Piazza San Domenico Maggiore è la porta del Decumano inferiore. Definisce il centro esatto del perimetro storico di Napoli e ruota intorno all’obelisco di San Domenico, ex voto dei napoletani per un’epidemia di peste scongiurata nel 1656. La guglia, dove emergono due sirene dalla doppia coda, è ispirata al nome della Basilica che Carlo II d’Angiò fece erigere tra il 1283 e il 1324. Ne fu deliberata l’erezione in occasione della famosa peste del 1656. I lavori iniziarono due anni dopo su disegno di Francesco Picchiatti (1619-94) o, secondo altri, di Cosimo Fanzago (1593-1678). Interrotti, ripresero ai tempi di Carlo di Borbone sotto la direzione di Domenico Antonio Vaccaro (1681-1750), che li portò a termine nel 1737. Ricca di marmi, bassorilievi, medaglioni e statue, la cosiddetta guglia di San Domenico termina con una piramide sormontata da una pregevole statua bronzea del santo, eseguita su disegno e con l’assistenza dello stesso Vaccaro.
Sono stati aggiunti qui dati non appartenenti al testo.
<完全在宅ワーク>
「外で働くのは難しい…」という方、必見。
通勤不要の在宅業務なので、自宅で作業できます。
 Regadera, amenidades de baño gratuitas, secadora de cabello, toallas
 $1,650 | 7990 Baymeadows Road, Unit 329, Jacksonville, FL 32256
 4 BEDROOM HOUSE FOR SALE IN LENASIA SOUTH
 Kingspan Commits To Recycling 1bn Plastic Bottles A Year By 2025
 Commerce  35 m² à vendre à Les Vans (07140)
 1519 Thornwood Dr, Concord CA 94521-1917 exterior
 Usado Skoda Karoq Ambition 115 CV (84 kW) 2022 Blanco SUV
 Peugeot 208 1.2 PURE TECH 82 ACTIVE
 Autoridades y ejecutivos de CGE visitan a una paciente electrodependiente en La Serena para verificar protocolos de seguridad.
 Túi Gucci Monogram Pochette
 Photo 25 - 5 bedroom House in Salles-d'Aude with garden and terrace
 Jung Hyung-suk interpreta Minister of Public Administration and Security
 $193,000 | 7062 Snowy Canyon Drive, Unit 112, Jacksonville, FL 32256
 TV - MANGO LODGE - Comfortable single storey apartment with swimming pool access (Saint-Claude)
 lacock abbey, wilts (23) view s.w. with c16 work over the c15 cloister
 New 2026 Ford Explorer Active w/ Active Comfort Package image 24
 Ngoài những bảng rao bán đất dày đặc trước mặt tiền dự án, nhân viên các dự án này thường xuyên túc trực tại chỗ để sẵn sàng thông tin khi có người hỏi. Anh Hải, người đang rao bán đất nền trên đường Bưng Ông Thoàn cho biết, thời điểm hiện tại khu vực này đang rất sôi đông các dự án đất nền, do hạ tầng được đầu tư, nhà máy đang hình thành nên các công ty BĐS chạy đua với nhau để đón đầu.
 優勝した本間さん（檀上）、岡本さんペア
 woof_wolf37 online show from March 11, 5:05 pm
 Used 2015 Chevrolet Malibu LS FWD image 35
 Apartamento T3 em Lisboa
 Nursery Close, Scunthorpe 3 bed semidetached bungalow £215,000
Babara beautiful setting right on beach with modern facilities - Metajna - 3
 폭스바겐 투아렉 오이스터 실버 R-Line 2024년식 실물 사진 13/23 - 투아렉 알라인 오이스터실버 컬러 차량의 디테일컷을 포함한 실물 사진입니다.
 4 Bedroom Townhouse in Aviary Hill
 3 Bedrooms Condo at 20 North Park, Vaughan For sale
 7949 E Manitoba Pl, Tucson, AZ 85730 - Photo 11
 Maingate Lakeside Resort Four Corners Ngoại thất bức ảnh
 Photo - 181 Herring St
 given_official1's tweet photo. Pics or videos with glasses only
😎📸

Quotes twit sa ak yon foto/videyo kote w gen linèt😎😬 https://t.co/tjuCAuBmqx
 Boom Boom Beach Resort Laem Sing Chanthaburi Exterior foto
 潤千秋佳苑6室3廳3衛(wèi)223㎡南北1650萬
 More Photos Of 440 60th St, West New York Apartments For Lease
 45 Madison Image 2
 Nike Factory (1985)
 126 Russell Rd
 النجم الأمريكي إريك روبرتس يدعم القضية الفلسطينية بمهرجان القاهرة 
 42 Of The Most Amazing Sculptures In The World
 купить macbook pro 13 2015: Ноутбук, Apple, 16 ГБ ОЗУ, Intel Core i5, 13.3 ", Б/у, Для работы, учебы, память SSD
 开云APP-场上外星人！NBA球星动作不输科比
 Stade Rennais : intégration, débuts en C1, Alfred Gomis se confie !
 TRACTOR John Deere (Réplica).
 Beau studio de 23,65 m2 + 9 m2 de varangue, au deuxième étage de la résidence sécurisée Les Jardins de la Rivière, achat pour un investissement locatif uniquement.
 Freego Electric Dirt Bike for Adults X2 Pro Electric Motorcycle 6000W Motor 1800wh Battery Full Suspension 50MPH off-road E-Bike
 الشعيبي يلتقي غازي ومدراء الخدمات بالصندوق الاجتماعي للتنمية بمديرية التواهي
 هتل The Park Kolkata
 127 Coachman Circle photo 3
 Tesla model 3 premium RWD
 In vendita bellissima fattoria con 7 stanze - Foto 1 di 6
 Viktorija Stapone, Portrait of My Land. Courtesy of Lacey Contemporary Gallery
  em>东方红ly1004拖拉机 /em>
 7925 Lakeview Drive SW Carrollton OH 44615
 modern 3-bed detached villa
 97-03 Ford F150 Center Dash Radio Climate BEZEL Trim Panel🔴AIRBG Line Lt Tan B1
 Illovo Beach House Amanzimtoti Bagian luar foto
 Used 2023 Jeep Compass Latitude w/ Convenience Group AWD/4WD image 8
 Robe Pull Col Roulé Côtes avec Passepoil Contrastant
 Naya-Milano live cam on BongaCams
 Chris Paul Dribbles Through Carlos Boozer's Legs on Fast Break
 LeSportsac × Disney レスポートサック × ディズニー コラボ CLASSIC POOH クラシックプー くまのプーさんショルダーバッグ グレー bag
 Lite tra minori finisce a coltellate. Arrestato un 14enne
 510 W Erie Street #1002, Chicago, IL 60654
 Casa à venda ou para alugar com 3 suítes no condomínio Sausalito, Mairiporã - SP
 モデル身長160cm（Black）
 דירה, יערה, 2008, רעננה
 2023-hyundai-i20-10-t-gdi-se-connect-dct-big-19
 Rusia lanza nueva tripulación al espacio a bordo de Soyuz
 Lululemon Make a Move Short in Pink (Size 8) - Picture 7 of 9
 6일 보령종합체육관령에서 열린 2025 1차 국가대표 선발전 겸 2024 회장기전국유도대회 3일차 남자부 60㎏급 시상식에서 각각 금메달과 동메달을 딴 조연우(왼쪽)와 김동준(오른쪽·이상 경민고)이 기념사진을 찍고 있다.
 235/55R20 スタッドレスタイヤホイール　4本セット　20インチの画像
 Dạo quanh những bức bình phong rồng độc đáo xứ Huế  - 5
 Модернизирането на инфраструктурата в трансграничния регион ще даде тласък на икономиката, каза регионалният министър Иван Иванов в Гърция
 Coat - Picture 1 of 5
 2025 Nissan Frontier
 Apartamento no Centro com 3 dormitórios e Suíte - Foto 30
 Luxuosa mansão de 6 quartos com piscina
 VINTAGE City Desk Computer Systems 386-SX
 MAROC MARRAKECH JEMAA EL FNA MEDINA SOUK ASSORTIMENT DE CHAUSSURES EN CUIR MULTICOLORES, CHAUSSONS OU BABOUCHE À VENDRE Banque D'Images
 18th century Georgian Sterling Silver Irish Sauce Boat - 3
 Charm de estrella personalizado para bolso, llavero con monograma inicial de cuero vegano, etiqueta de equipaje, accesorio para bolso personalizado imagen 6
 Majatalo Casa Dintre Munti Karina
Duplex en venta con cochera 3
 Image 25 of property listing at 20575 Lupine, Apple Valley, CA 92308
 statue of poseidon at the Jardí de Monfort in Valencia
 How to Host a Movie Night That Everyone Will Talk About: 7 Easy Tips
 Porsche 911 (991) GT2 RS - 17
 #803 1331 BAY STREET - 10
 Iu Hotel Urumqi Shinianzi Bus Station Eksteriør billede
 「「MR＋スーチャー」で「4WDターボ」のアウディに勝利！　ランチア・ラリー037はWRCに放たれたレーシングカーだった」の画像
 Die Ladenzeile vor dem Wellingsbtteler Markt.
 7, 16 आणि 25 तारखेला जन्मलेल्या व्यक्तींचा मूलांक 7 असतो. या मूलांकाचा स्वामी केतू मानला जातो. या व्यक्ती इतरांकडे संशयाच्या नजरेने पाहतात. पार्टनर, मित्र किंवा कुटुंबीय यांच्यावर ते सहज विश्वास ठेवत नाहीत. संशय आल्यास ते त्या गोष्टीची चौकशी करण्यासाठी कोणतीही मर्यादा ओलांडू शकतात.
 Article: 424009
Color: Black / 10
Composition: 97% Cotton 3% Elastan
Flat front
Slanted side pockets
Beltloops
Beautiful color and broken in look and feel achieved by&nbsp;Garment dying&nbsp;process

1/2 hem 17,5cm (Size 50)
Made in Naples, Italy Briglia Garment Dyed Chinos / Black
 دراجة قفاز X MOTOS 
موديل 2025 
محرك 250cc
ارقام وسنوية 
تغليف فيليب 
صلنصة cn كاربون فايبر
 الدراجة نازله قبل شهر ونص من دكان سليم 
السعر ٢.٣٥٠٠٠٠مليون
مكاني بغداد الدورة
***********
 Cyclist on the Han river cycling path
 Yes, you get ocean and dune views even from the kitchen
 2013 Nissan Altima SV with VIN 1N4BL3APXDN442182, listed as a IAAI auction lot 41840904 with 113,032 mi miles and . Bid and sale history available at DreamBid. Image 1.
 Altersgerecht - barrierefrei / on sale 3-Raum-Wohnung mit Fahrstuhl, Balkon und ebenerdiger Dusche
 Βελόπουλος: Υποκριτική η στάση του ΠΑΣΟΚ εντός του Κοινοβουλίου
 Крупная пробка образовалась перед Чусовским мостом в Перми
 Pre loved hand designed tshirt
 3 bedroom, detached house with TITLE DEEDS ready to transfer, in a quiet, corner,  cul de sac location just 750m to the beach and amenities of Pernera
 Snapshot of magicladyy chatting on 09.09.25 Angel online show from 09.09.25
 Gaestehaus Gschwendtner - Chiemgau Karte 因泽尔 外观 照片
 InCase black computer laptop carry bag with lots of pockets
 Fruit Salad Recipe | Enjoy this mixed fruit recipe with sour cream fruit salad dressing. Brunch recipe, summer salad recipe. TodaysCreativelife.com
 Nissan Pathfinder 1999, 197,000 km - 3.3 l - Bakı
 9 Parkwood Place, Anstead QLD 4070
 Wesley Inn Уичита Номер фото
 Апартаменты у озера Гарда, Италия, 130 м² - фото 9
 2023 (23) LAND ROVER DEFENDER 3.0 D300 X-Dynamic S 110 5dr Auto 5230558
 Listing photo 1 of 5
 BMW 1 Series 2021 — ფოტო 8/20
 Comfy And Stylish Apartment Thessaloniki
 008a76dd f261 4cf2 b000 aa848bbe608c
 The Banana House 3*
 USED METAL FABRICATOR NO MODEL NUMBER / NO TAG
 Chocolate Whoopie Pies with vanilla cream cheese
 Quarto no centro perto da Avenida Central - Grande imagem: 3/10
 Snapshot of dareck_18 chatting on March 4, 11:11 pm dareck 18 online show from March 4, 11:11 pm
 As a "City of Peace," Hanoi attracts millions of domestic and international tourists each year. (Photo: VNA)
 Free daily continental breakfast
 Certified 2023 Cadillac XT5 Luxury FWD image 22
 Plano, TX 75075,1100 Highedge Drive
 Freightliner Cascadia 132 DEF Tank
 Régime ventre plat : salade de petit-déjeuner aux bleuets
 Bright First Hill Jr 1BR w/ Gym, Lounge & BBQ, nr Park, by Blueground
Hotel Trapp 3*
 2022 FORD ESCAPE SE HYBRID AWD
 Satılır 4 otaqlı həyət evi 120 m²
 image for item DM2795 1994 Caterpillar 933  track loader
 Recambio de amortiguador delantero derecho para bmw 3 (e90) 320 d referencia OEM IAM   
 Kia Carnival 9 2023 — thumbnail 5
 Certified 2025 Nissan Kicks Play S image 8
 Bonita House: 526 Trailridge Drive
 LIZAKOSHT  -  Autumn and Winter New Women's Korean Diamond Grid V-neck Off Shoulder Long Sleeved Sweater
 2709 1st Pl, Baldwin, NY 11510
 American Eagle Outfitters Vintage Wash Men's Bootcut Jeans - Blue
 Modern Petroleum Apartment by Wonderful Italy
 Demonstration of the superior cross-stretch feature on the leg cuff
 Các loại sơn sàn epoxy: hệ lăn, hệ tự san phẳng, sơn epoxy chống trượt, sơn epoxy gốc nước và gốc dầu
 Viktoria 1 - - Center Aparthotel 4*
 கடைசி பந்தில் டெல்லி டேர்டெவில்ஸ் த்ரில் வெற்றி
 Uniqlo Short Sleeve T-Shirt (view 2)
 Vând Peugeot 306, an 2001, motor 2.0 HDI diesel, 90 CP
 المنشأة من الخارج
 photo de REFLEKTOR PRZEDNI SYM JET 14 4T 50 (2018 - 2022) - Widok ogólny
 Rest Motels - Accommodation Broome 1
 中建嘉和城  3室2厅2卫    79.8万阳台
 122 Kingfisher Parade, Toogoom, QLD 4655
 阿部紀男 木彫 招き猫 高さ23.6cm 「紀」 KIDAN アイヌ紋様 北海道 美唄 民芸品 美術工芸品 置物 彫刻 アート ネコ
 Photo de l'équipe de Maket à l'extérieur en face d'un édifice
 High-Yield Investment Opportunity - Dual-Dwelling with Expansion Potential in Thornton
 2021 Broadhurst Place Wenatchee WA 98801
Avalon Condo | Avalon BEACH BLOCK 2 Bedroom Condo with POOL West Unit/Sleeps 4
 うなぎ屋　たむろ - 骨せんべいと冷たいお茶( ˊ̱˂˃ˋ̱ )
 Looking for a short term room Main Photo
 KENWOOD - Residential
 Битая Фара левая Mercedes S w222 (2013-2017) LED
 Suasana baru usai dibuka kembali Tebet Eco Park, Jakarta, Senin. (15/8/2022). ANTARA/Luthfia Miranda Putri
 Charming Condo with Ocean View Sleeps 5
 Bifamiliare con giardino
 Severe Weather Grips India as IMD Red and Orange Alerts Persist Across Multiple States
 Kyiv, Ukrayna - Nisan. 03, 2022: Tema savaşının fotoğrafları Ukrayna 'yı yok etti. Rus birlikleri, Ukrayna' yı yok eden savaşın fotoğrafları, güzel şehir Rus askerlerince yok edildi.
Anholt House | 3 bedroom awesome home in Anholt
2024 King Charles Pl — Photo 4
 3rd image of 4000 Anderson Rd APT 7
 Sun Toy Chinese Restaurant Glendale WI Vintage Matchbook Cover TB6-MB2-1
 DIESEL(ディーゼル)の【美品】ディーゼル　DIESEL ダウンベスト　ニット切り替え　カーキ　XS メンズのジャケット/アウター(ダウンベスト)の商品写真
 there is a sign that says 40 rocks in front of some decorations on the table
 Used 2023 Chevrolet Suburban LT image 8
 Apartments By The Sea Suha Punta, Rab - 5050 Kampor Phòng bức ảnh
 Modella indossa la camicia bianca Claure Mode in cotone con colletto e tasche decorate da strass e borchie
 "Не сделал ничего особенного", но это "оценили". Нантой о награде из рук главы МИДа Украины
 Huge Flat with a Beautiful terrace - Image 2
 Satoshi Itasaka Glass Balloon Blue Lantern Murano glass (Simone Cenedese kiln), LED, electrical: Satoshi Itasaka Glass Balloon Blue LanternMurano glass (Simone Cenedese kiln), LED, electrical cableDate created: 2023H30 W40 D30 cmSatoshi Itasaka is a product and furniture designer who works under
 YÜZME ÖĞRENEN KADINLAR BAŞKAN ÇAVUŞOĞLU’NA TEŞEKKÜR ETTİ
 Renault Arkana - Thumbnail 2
La piazza è il crocevia del Centro antico napoletano, dove Spaccanapoli incontra Mezzocannone, la via delle Università. Da qui si va a San Gregorio Armeno, la stradina dei presepi. Da qui passava il principe Raimondo di Sangro per giungere al vicino laboratorio adiacente la cappella di famiglia, al cui interno il Cristo Velato. E fu qui, nel 1590, che le mura di Palazzo Sansevero furono testimoni di un sanguinoso fatto di cronaca: l’assassinio di Maria D’Avalos e del suo amante Fabrizio Carafa, colti in flagrante adulterio dal marito della bellissima principessa, il madrigalista Carlo Gesualdo. Da quel giorno, sussurra la leggenda, il fantasma della donna si aggira, etereo e sofferente, tra l’obelisco e il portale del palazzo in cerca dell’amore tragicamente perduto.